Bisweilen machte ich meinem Troll schwere Vorwürfe, seiner eisernen Disziplin wegen. Er hatte mich immerhin, in den „entscheidenden Augenblicken“ brutal zurückgehalten wenn es darum ging Tribut von der Natur zu fordern. Schließlich war ich auch nur ein Mensch – wenn auch ein reichlich einfältiger ohne Troll.

Zusammen mit meinem Troll, also ich selbst als Troll, war jedoch praktisch unbesiegbar...dachte ich. Bis dann doch eine Frau meinen Weg kreuzte, die mich absolut zu bezaubern wusste.
Damit begann meine erste schwierige Epoche im Reich der Zeit, die mich gefangen hielt wie ein Schraubstock.
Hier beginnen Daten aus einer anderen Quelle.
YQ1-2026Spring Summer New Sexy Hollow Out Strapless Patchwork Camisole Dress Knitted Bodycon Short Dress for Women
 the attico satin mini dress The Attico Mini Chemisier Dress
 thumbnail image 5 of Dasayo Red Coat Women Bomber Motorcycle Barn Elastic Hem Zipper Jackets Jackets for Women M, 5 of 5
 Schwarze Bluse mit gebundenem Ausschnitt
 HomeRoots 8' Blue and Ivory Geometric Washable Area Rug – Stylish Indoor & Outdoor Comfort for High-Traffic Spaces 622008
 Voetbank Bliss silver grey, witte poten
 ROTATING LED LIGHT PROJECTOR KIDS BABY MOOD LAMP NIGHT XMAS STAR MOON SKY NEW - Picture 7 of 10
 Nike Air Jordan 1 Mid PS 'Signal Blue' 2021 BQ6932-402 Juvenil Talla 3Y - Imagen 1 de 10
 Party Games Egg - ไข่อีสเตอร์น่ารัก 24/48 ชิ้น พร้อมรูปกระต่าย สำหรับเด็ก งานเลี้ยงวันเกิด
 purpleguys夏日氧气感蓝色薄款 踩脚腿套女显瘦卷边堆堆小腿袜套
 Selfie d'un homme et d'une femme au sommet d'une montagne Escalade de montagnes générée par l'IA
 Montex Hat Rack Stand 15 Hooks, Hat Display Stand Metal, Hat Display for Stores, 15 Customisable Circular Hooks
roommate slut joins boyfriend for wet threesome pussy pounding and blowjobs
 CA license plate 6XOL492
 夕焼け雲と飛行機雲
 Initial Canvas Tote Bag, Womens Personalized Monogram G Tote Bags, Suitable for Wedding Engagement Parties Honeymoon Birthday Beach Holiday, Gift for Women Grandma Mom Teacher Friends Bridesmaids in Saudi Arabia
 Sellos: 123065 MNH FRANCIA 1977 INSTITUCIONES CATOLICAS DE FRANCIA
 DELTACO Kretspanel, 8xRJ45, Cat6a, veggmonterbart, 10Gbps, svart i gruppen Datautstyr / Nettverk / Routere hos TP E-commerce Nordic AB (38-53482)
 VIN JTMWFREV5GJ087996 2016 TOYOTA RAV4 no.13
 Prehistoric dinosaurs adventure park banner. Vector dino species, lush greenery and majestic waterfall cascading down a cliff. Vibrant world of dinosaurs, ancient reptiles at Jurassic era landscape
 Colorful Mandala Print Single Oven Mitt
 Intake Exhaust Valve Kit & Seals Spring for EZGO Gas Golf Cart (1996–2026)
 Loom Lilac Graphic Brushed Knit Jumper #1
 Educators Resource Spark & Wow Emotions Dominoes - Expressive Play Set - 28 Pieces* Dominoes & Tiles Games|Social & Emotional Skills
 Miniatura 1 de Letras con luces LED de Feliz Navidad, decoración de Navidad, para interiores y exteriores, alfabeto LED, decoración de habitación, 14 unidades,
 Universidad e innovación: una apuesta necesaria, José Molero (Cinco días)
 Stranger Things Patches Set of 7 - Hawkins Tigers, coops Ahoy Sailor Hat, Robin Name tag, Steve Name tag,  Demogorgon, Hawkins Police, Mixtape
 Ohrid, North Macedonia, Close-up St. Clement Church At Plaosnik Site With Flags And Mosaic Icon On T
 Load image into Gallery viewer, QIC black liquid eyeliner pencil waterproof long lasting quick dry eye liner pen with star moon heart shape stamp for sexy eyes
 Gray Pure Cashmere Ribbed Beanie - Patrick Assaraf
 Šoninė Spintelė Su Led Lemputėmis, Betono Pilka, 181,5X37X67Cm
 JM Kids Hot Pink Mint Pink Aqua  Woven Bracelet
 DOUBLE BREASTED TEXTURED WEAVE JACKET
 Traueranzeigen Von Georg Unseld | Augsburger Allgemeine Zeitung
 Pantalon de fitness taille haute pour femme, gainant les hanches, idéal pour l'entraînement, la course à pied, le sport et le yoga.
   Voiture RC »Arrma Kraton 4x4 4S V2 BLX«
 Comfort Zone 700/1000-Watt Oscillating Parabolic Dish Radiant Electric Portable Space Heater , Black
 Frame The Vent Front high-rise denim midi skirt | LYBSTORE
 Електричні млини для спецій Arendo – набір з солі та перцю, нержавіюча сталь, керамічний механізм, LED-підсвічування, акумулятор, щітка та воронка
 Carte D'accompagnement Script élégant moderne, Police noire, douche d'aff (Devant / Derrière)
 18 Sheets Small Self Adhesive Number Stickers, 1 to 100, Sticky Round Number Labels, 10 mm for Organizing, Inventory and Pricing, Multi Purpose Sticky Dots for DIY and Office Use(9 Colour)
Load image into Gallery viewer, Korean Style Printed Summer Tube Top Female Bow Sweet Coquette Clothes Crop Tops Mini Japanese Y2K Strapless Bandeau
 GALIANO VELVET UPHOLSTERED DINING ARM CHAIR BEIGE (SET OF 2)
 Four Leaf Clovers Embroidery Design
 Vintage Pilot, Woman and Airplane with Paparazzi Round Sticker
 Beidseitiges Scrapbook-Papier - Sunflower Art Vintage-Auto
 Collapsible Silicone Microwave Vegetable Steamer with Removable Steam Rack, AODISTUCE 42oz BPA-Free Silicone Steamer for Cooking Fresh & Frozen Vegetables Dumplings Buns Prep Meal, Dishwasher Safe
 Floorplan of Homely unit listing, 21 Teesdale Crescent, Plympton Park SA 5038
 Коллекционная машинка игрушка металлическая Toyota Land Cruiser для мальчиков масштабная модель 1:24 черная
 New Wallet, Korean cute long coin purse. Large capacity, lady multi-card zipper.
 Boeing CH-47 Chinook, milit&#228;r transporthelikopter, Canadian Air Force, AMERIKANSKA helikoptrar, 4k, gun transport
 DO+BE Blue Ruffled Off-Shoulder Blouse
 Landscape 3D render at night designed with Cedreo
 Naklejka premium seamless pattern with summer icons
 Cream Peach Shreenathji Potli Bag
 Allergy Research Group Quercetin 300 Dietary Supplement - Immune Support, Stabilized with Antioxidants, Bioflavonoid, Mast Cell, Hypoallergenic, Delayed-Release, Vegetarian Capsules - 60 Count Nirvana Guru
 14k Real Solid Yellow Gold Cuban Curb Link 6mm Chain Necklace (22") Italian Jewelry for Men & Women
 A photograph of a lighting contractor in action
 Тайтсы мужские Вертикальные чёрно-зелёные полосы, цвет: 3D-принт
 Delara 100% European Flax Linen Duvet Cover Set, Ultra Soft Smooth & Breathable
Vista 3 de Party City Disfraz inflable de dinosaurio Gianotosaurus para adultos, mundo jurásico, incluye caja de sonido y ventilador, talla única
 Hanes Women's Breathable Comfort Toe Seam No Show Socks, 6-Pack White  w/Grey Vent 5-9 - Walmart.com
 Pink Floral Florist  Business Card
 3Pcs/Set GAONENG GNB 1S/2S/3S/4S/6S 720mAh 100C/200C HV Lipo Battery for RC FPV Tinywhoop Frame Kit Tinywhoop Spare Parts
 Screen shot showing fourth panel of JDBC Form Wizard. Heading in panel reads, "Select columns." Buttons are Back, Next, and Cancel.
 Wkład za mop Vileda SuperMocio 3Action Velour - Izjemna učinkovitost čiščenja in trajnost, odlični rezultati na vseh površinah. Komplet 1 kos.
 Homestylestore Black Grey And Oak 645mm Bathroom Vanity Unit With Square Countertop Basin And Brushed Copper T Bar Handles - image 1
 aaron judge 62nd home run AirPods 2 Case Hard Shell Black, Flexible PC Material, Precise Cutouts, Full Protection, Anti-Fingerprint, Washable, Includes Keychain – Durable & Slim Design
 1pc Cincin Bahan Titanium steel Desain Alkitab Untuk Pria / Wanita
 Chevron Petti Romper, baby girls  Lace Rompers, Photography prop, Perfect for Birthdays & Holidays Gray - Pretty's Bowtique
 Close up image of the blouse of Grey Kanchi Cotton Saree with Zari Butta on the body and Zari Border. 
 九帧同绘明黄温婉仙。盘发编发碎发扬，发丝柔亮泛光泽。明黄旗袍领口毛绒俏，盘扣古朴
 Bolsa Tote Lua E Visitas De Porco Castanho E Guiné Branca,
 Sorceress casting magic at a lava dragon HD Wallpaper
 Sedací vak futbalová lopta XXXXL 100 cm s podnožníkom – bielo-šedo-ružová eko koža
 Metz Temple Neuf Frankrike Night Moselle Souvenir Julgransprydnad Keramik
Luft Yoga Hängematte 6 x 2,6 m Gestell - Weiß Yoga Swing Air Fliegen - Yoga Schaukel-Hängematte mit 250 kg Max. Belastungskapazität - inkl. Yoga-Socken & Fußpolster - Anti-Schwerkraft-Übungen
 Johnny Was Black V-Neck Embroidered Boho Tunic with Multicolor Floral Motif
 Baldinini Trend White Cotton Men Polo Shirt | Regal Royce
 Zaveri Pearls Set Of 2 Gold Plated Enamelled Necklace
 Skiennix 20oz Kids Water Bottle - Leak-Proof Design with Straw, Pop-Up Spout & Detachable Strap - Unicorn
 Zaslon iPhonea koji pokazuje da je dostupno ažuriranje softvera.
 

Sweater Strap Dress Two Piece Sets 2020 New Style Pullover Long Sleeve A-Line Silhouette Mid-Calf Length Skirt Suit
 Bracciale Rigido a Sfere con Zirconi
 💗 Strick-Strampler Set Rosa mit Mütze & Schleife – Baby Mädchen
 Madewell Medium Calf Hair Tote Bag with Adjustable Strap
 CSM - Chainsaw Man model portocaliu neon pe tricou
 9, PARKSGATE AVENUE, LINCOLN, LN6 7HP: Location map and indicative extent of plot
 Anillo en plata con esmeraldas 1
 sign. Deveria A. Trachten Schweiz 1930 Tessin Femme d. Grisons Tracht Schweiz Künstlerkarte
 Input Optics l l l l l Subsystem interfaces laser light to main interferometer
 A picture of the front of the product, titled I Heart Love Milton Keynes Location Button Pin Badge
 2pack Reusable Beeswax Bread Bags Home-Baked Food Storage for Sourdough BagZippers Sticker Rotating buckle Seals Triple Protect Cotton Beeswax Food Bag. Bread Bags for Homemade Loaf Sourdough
Warum sie mich bezauberte musste vielleicht der Teufel gewusst haben – ich wusste es jedenfalls nicht, meine Trollhälfte verriet es mir nicht und der Himmel, der mir da so treuherzig winkte enthielt mir ebenfalls „schüchtern“ die Antwort auf meine Fragen vor.

Damals musste es gewesen sein, daß ich sie – nicht die bezaubernde Frau – sondern das seltsame Wesen zum ersten Male sah. Es bestand und es bestand nicht! Es war da, hielt sich im sichtbare Bereich des Holodecks auf und es gab sich trotzdem nicht zu erkennen. Es sah aus wie eine Figur aus Glas, die sich extrem verbiegen konnte. Manchmal winkte sie deutlich zu mir herüber, aber genau genommen jagte sie mir nur Ängste ein.
Ich wusste einfach nicht wie ich mit dieser Erscheinung umgehen sollte, denn sie wollte, wie es aussah, ein fester Bestandteil meines Lebens werden.
Nur Dingsbums lautes Schnarchen rette mich manchmal aus der Bedrängnis wenn die Glasfigur bei uns im Schlafzimmer auftauchte.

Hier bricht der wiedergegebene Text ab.